ぷかぷか日記

「ったくしょうがねえなぁ」といいつつ寄り添ってしまう

おむすび味噌というおいしいお味噌があります。 かつては『おむすび長屋』というところで作っていました。(今は社会福祉法人になっています)

 

 

 おむすび長屋は、山間の廃屋を借りて障がいのある人たちといっしょに味噌を造りながら暮らしを立てていました。その話が昔私が養護学校の教員だった頃新聞に載り、「あ、なんだかおもしろそう」って、さっそくおむすび長屋を訪ねました。

 信州の小諸からかなり山奥に入ったところにある茅葺きの昔ながらの家で、なんだかホッとする雰囲気でした。コーイチローさんという障がいのあるおもしろいおじさんがいて、

「ボーナスでたら、スナック行って、ジュース飲むんだよ」

とうれしそうに語ってくれたことが未だに印象に残っています。ああ、こんな幸せがあるんだ、ってしみじみ思いましたね。

 おんぼろの廃屋ではありましたが、障がいのある人と一緒に暮らす見るからにあたたかな「暮らし」がそこにはありました。年に一度「ボーナス出たら、スナック行って、ジュース飲むんだよ」コーイチローさんがうきうきしながら語るような、ささやかな楽しみもありました。

 今のように福祉の制度も十分に整っていない時代でしたから、障がいのある人たちといっしょに暮らしを立てていくことは、よほどの「志」がないとできないことでした。強い「志」がないとできない事業であれば、次の若い世代に引き継げないと、その後、社会福祉法人になり、福祉事業所とグループホームになりました。

 建物は建て替えられましたが、「暮らし」のあたたかさがグループホームにはありました。そのグループホームにも「個別支援計画」なる指導体制の確立が求められ、

 《地域で働き、地域で暮らす「場」が、次第に「トレーニング施設」へと様変わりしてゆくように思われます。》

 と、「おむすび通信」におむすび長屋の主・田中さんが嘆いていました。「個別支援計画」の本質を突いています。

 《人のにおいのぷんぷんする連中に、色々面倒くさいことが起こっても、「ったくしょうがねぇなあ」といいつつ、寄り添う》田中さんたちの姿勢が好きでした。そういう姿勢だったからこそ、そこでの「暮らし」「仕事」には「あたたかさ」がありました。

 そんなところへ「個別支援計画」が入り込んだのです。事業をやっていく上で福祉サービスの報酬をもらう以上、やむを得ないこととはいえ、「個別支援計画」で描かれる彼らとの関係は、彼らに寄り添う、という人間くさい姿勢からはほど遠い関係になっています。

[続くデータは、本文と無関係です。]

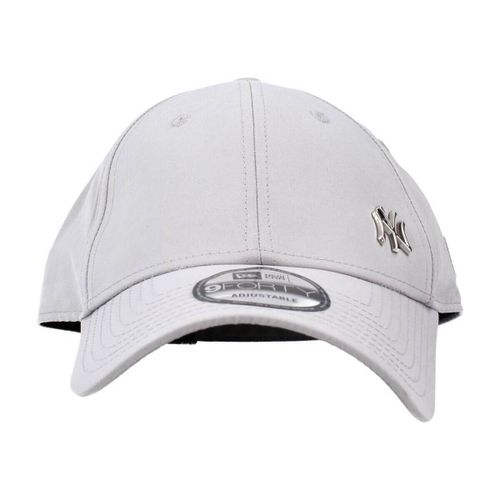 Casquette Mlb Flawless Logo Basic 94 - New-Era - Modalova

 彼らに寄り添いながら、丁寧に暮らしと仕事を作ってきた田中さんたちにとっては、全く理解しがたい制度だろうと思います。福祉の世界がどういう方向を向いているかがよくわかります。

 

 それでも尚、彼らとのあたたかなおつきあいこそ大事にしたいと私は思うのです。いっしょに生きていく、というのは、「ったくしょうがねぇなあ」といいつつ、今日もまた寄り添ってしまうような、そんなおつきあいであり、生き方ですから。